**Requirement**
If a line below contains the string "with", return that line.

**Source data**
┌────────

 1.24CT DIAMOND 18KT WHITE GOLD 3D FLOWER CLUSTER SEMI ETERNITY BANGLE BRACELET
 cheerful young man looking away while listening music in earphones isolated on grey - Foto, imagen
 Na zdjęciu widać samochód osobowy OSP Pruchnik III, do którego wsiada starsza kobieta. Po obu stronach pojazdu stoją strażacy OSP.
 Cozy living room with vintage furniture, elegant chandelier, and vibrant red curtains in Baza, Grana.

└────────
┌────────

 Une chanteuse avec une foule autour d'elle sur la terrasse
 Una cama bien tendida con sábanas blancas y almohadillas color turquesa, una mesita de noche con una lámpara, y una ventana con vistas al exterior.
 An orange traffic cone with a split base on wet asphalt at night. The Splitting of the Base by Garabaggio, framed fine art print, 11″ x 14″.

└────────

**Worked solution**
 Cozy living room with vintage furniture, elegant chandelier, and vibrant red curtains in Baza, Grana.
 An orange traffic cone with a split base on wet asphalt at night. The Splitting of the Base by Garabaggio, framed fine art print, 11″ x 14″.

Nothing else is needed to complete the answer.